Desde Madrid nos dicen que el sistema de financiación es injusto. Beteta reconoce que el actual modelo no gusta y que genera resultados muy dispares. Por su parte, Montoro manifiesta públicamente que esta Comunidad ha hecho un «esfuerzo muy importante» en la reducción del déficit. Hasta ahí llegan, antes de exigirnos más recortes. No sé, pero tengo la sensación de que nos pasan la mano por la espalda, mientras escuchamos aquello de «pobrecitos, que injustos son con ellos y cómo se esfuerzan», para acabar recordándonos que «la vida es como es y hay que seguir recortando». Para que España mejore en su conjunto, alguien tiene que joderse. Y para eso estamos nosotros.

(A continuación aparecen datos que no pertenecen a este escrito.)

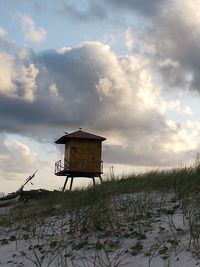 Built structure by lake against sky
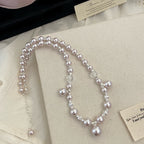 Manta Rose Pearl Necklace and Copper Alloy Bracelet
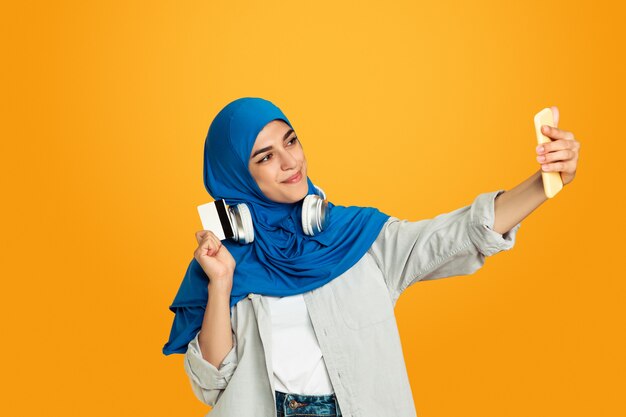 親指を立てて、音楽を聴きます。黄色の若いイスラム教徒の女性。スタイリッシュでトレンディで美しい女性モデル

Se nos queda cara de idiotas al ver cómo se negocia con otras comunidades. Me llevan los diablos cuando escucho al presidente extremeño, José Antonio Monago, vacilar de cómo cumple con el objetivo de déficit mientras ataca al gobierno de Alberto Fabra. Nada tendrá que ver que, por cada uno de sus conciudadanos, el Estado suelte un 20% más que cuando se trata de uno de por aquí. Con una deuda histórica de 13.500 millones -superior al presupuesto anual de la Generalitat Valenciana- aún tenemos que aceptar que la factura siga incrementándose por un modelo injusto. Y, para colmo de males, soportando la imagen de manirrotos con la que nos quieren identificar permanentemente, como si el imperio del derroche siguiera campeando en nuestra triste Comunitat.

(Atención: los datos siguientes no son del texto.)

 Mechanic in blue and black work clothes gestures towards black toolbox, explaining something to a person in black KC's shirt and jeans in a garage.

Esta misma semana, casi llegamos al esperpento de tan parias en que nos hemos convertido. Por una parte, todo un vicepresidente de la Generalitat, como José Císcar, agradecía a la Diputación de Valencia que ésta asumiera el coste de los servicios sociales, por más que se trate de una obligación de la administración autonómica. Y, para mejorar nuestra proyección internacional, albergábamos una cumbre de ministros de Asuntos Exteriores en una cutre carpa. Ya ven, esto ya no es lo que era.

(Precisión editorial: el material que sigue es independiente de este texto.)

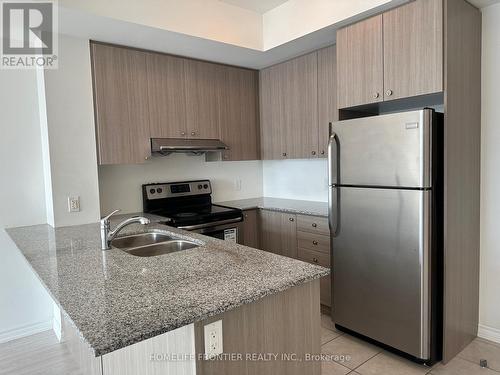 717 - 8323 Kennedy Road, Markham, ON - Indoor Photo Showing Kitchen With Double Sink With Upgraded Kitchen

Se han acabado los argumentos basados en los números. Cada vez que esgrimimos un dato objetivo, no nos hacen ni puñetero caso. Aquí ya no hay línea roja que evitar, porque se ha sobrepasado con creces. Empieza a ser obligado contemplar medidas más drásticas, como renunciar a las competencias infrafinanciadas, o retrasar la devolución del Fondo de Liquidez Autonómica y sus correspondientes intereses. Ni deben asumirse servicios que no puedan ofertarse con unas mínimas condiciones de calidad, ni es justo priorizar la devolución de créditos al Estado cuando existen necesidades más perentorias en esta Comunidad. ¿Qué perdemos el autogobierno? Dudo que realmente nos quede algo, más allá de lo estrictamente folclórico ¿Qué sería ilegal incumplir con los pagos al Estado? No más que la constante obstaculización a la igualdad de derechos constitucionales. Porque, según parece, éstos no son los mismos para un ciudadano valenciano que para un vasco, catalán o gallego.

Somos, guste o no, una comunidad paria. O vamos camino de serlo.